Efficient active learning of sparse halfspaces
This work addresses the challenge of attribute-efficient active learning for sparse halfspaces, offering a computationally efficient solution that reduces label dependency on dimensionality, though it is incremental as it builds on prior assumptions and settings.
The paper tackles the problem of efficiently learning sparse halfspaces with minimal label queries in active learning, achieving a label complexity of O(t · polylog(d, 1/ε)) under distributional assumptions, which improves over existing methods that are either inefficient or require polynomial label requirements.
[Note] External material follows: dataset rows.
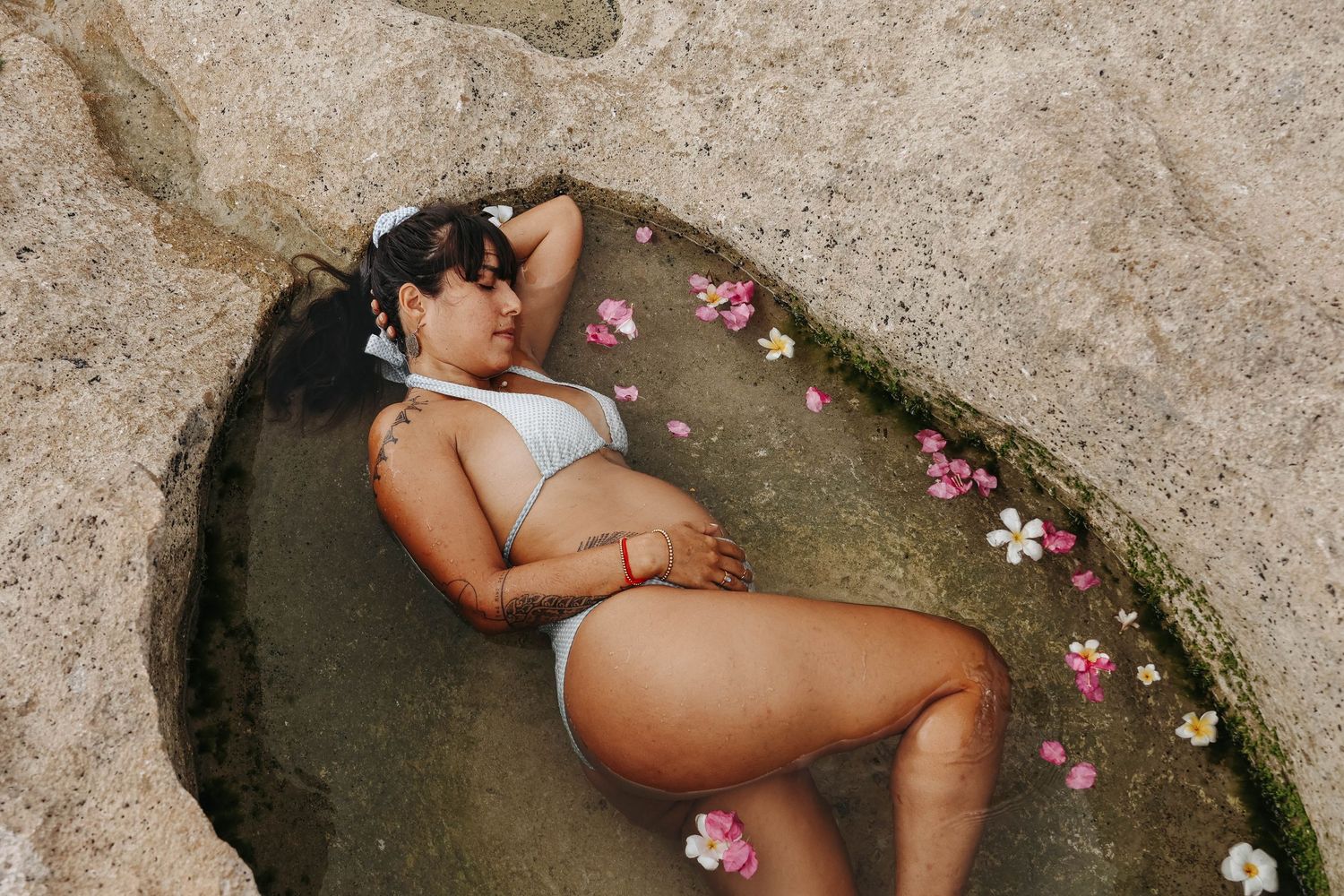 A woman in a white bikini relaxes in a natural rock pool surrounded by tropical flowers and petals.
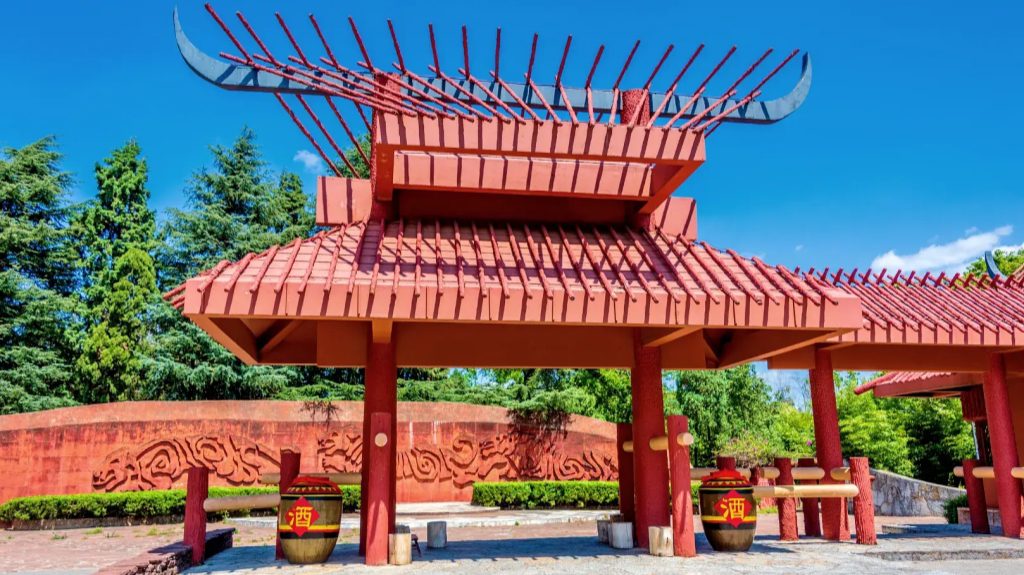 yunnan kunming nationality village yi ethnic village 雲南昆明民族村彝族村寨入口,紅色風格獨特的傳統牌樓,屋頂帶牛角造型裝飾,前方擺放印有酒字的大型酒缸,後方牆面刻有彝族圖騰浮雕,翠綠林木搭配湛藍晴空,呈現濃厚彝族文化特色。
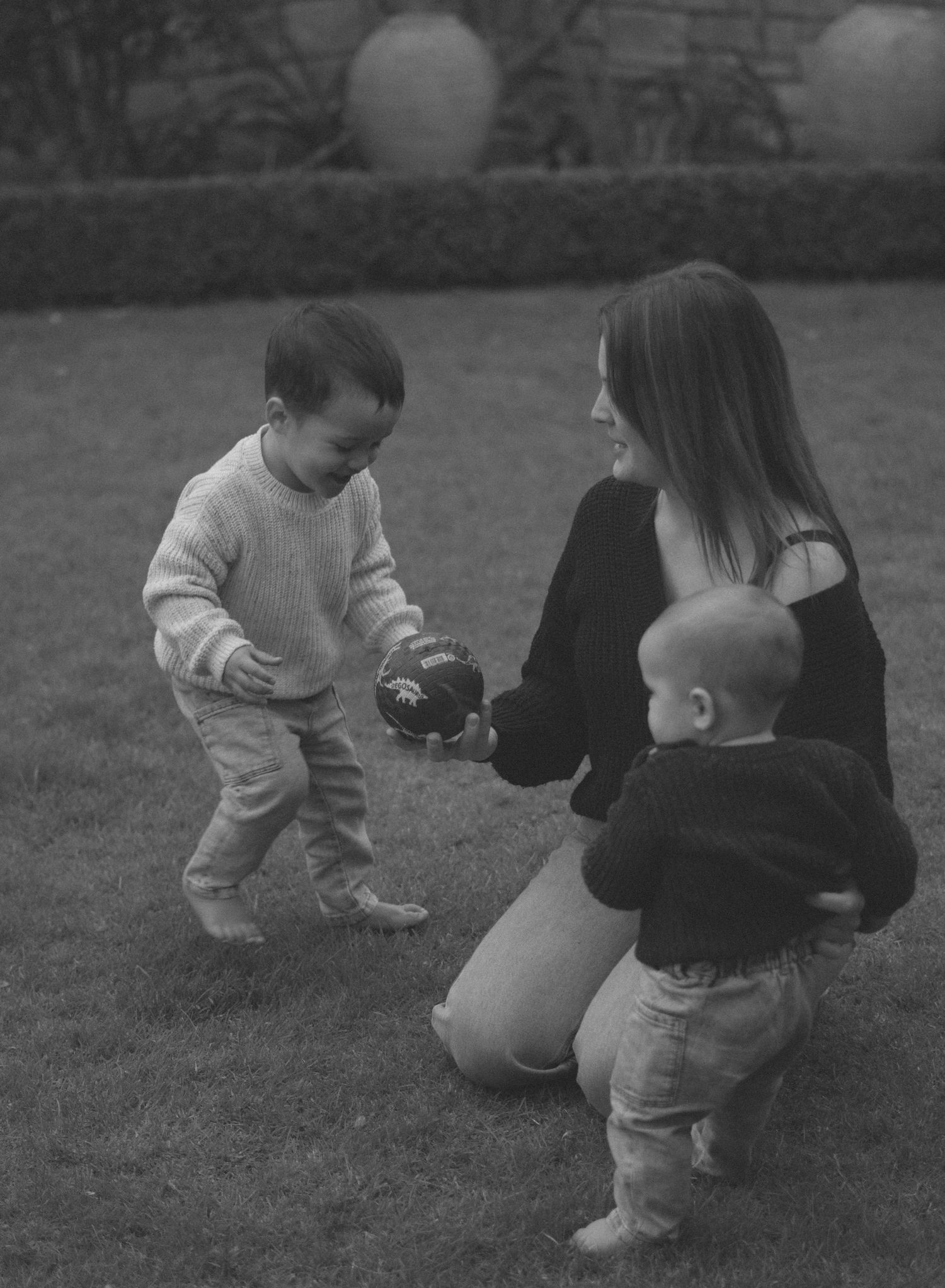 Black and white photos showing playful interactions between adults and children on grass.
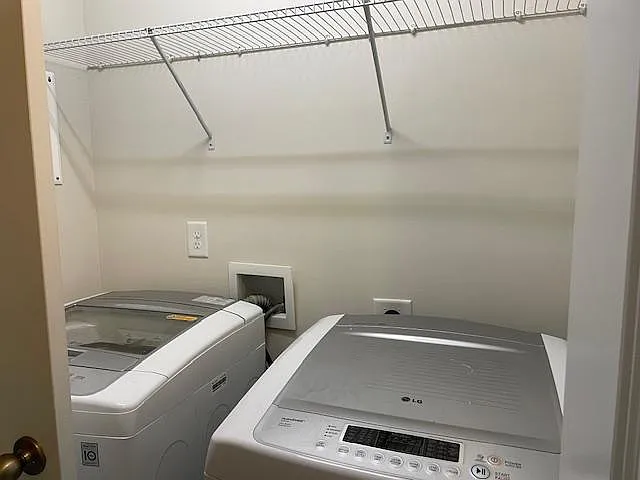 Washer and dryer located upstairs between the master and 2nd bedroom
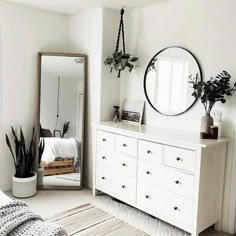 a bedroom with white furniture and plants on the dresser next to a large round mirror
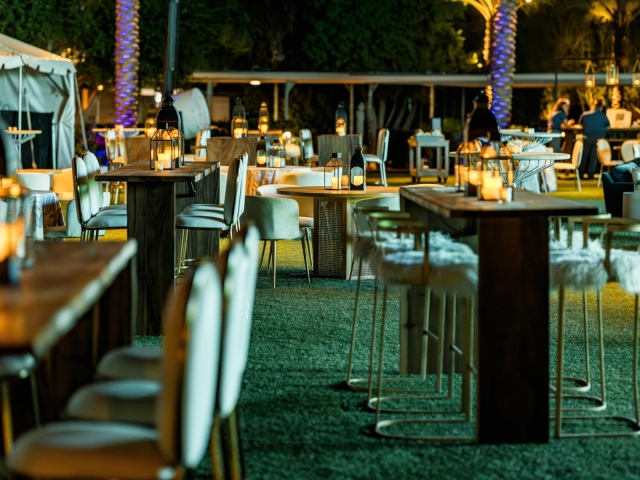 A night time view of tables and chairs at a dessert reception with lit candles.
We study the problem of efficient PAC active learning of homogeneous linear classifiers (halfspaces) in $\mathbb{R}^d$, where the goal is to learn a halfspace with low error using as few label queries as possible. Under the extra assumption that there is a $t$-sparse halfspace that performs well on the data ($t \ll d$), we would like our active learning algorithm to be {\em attribute efficient}, i.e. to have label requirements sublinear in $d$. In this paper, we provide a computationally efficient algorithm that achieves this goal. Under certain distributional assumptions on the data, our algorithm achieves a label complexity of $O(t \cdot \mathrm{polylog}(d, \frac 1 ε))$. In contrast, existing algorithms in this setting are either computationally inefficient, or subject to label requirements polynomial in $d$ or $\frac 1 ε$.